India’s market regulator revised guidelines for computer-based trading, providing for temporary suspension of brokers and higher fines to curb manipulation.
Brokers offering algorithmic trading facilities must get their systems audited every six months, the Securities and Exchange Board of India said yesterday. The regulator also directed exchanges to double the penalty on trading firms that place a large number of orders that don’t result into actual transactions. The rules come into effect May 27.
Regulators around the world are probing market structures and electronic trading after a series of mishaps. Trading in India’s CNX Nifty was halted for 15 minutes on Oct. 5 after the 50-stock measure sank as much as 16 percent. While the plunge wasn’t due to a malfunctioning trading program, the new rules are aimed at preventing a repeat of routs, said Deven Choksey, managing director at K.R. Choksey Shares & Securities Pvt.
“The measures have certainly come in the aftermath of the markets crash we saw late last year,” he said by phone from Mumbai. “The increase in charges suggests that the regulator wants to put a check on speculative trading that’s happening in the markets.”
The Nifty slump came about two months after market maker Knight Capital Group Inc. bombarded U.S. bourses with mistaken orders in the first few minutes of trade, while high-frequency orders worsened the so-called flash crash of May 2010, which briefly wiped $862 billion from American equities. A surge in trades of about 12 Australian stocks two weeks after the Nifty incident spurred inquiries from that nation’s market regulator.
Global stock markets have become predominantly electronic over the last 15 years as technology costs fell, rules changed and computers that match orders replaced human traders. Algorithms, which buy or sell larger orders in smaller pieces across venues, automated a process previously handled by individuals as the complexity and speed of markets increased.
India is the most recent jurisdiction after Hong Kong, Australia and Europe to update rules for electronic trading. Hong Kong’s rules, which come into effect Jan. 1, make firms responsible for all settlement and financial obligations for orders sent through their systems.

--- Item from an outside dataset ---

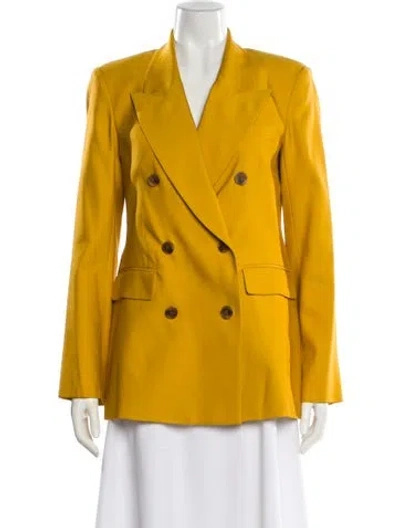 Pre-owned Heirlome Silk Blazer W/ Tags In Yellow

Indian exchanges, following the regulator’s directive in March last year, began levying charges to dissuade algorithmic trading firms from placing a large number of orders that don’t convert into actual transactions. The BSE Ltd. charges up to 0.05 rupee per order when a brokerage’s order-to-trade ratio falls between 250 and 500, according to the bourse’s website. Sebi yesterday directed exchanges to double that charge.
“More system auditing is definitely good but not enough to prevent freak trades from happening,” Supreeth S.M., chief executive officer at Quant First Asset Advisors India Ltd., which manages options with a notional value of about $100 million, said by e-mail from Bangalore. “There should be more tightening of the way you can put orders through algo” to prevent punching errors, he said.
The Nifty incident was caused by as many as 59 erroneous trades by a dealer at Emkay Global Financial Services Ltd. in Mumbai, the National Stock Exchange Ltd. said in a statement on Oct. 5. The brokerage said Oct. 8 that one of its dealers “committed a bona fide error.”
The S&P BSE Sensex, India’s benchmark stock index, has risen 3.5 percent this year, the most among benchmark measures in the BRIC group of the largest emerging nations, as foreign funds extended equity purchases amid easing by central banks from Europe to Australia. The 30-stock gauge fell 0.1 percent to 20,097.81 at 1:45 p.m. in Mumbai.